Derivative Shaders -
// The normal is the cross product of these two vectors vec3 normal = normalize(cross(dx, dy));
What are screen space derivatives and when would I use them?
Because the GPU calculates the color for four pixels simultaneously, it can compare the values of variables between them. If pixel A has a value of $5.0$ and its neighbor pixel B has a value of $5.1$, the hardware knows that the value is changing at a rate of $0.1$ per pixel. That rate of change is the derivative.
Derivatives allow the shader to know "how fast" the UVs are changing. If the change is high, the pattern is moving too fast for the screen resolution, and the shader needs to blur (mip) the result. This is how texture() lookups automatically select the correct MIP map level—they calculate derivatives of the UVs behind the scenes. derivative shaders
Shader Options menu to toggle specific features like shadow quality or volumetric clouds to balance looks and performance. ftp.bills.com.au +1 Quick Comparison: Derivative vs. Others Shader Pack Primary Strength Best For Derivative Cinematic atmosphere & glass reflections Realistic cityscapes and trailers Complementary Exceptional performance and customization General survival gameplay Sildur's Vibrant Iconic, colorful look with high compatibility Players with older hardware Iris + Sodium Pure performance/FPS boost with shader support Competitive or lag-free play Further Exploration Learn more about the specific visual differences in this Derivative vs. Complementary comparison video . Check out a detailed walkthrough of installing shaders for version 1.21.11 . Explore community discussions on performance-focused shader alternatives like Sodium and Iris. Are you looking for a
Next time you write a shader, ask — “What would this effect look like if it knew how fast things change across the screen?” Then reach for ddx and ddy . You might never go back.
Derivative shaders can generate "flat" surface normals on the fly without requiring pre-baked normal maps or vertex normals. By taking the derivatives of the world-space position (reconstructed from depth), a shader can calculate a face normal using a cross product of the horizontal and vertical rates of change. Common Functions and Syntax Function (GLSL) Function (HLSL) Description dFdx(v) ddx(v) // The normal is the cross product of
In computer graphics, "derivative shaders" refers to programs that utilize hardware-level partial derivative functions—such as dFdx , dFdy , and fwidth in GLSL, or ddx , ddy , and fwidth in HLSL—to calculate the rate of change of a variable across screen space. These functions are primarily used in to manage texture filtering, anti-aliasing, and surface detail generation. How Derivative Shaders Work
The most common use of derivatives is texture anti-aliasing. Imagine a procedural checkerboard pattern calculated mathematically (without a texture file).
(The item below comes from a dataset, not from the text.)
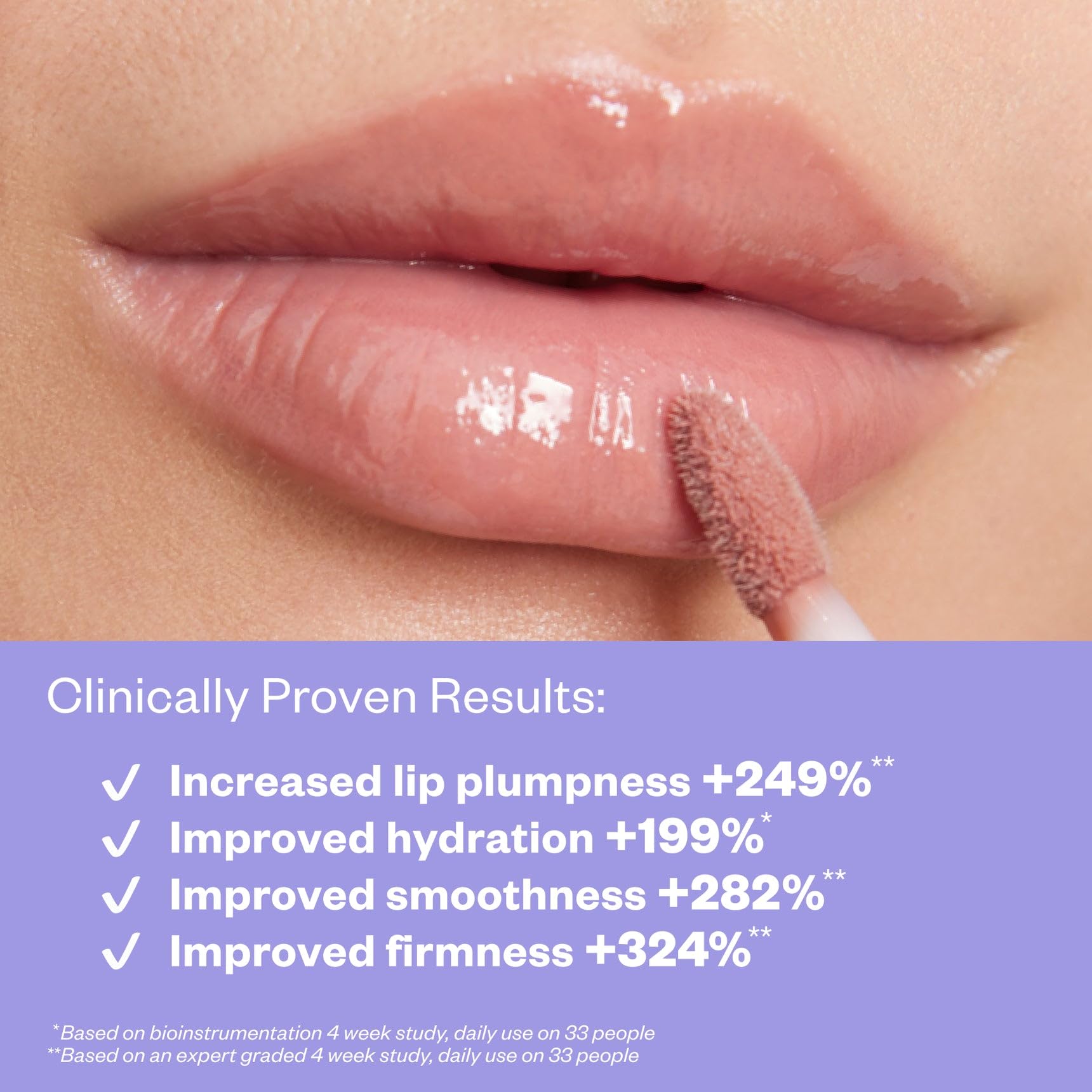 Kosas Wet Lip Oil Gloss - Hydrating Lip Plumping Treatment with Hyaluronic Acid & Peptides, Non-Sticky Finish (Malibu) Halalzen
In calculus, a derivative represents the rate at which a value changes. In a fragment shader, a derivative represents how much a specific value changes from one pixel to its neighbor. That rate of change is the derivative
Derivatives provide a proxy for screen-space size. If length(ddx(position)) is small, the object is large on screen (high detail needed). If the value is large, the object is small on screen (low detail needed). This allows for dynamic LOD in fragment shaders without passing distance variables from the vertex stage.
Derivative shaders represent a significant advancement in the field of computer graphics, providing developers with precise control over texture sampling and manipulation. Through their ability to enhance visual fidelity and support complex graphical effects, derivative shaders play a critical role in creating immersive and engaging graphical experiences. As the field continues to evolve, the applications and importance of derivative shaders are set to grow, driving forward the boundaries of what is possible in computer-generated imagery.